On Monday at Cal State Northridge, in the first of three performances in the Music Guild chamber music series, the Alexander String Quartet served up a solid, well-rounded feast of works by the three masters of the quartet form spanning three centuries--Haydn, Beethoven and Bartok. They brought to each composer's work a requisite distinct character.
The San Francisco-based Alexander, formed in 1981, is making a return engagement with the Music Guild, and for good reason. This is a group deep in its element, firm in its stride.
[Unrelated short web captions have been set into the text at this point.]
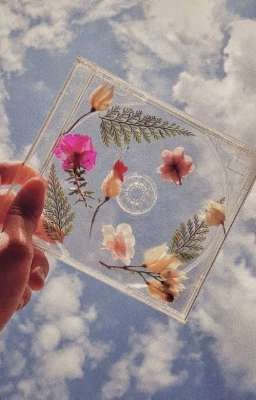 Эстетичные Картинки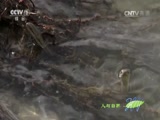 Ȼ 20161116 й-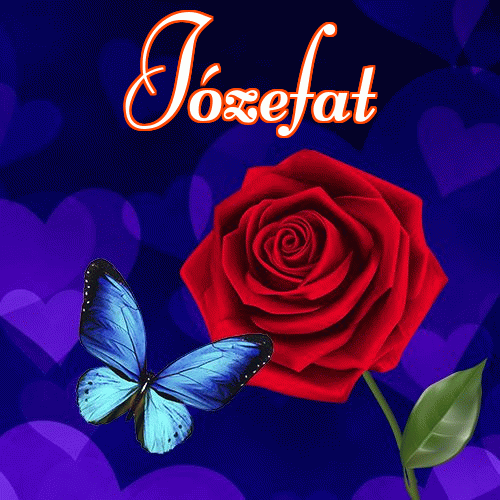 Miłego wieczoru i dobrej nocy życzę!。 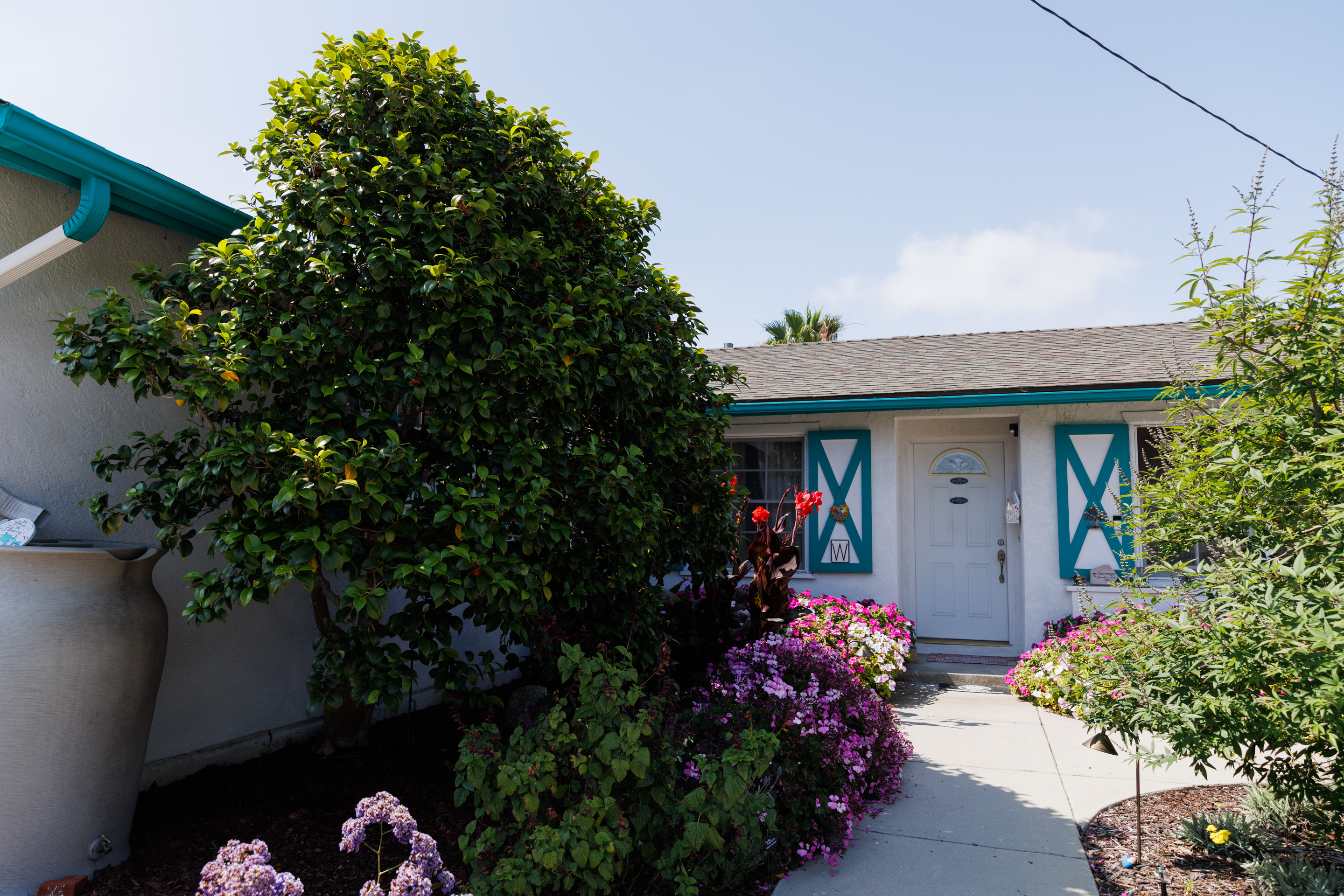 A camellia tree in the front garden. (Kristian Carreon /...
Haydn's Quartet in C, the "Emperor," with its slow movement familiar after-the-fact as the German national anthem, emerged here as a model of gentility. Next up, Bartok's masterful Fourth Quartet--a piece that tends to steal the show when it is this well-played--featured a thoroughly Modernist countenance. The players relished the hushed, coiled enigma of its second movement, the brusque whimsy of its pizzicato adventures, and its overall structural blend of care and abandon.
The Alexander is also well up on Beethoven, having recorded the complete quartets for a nine-CD set last year. Its take on the Quartet in A Minor, Opus 132, was engaging and richly understood. They seemed to comprehend that the heart of the work is the emotional third movement, a hymn to recuperation after one of Beethoven's bouts of illness.
All was not perfectly polished, and there were moments of straying intonation. But the group's central strength and clearly focused energy dominated.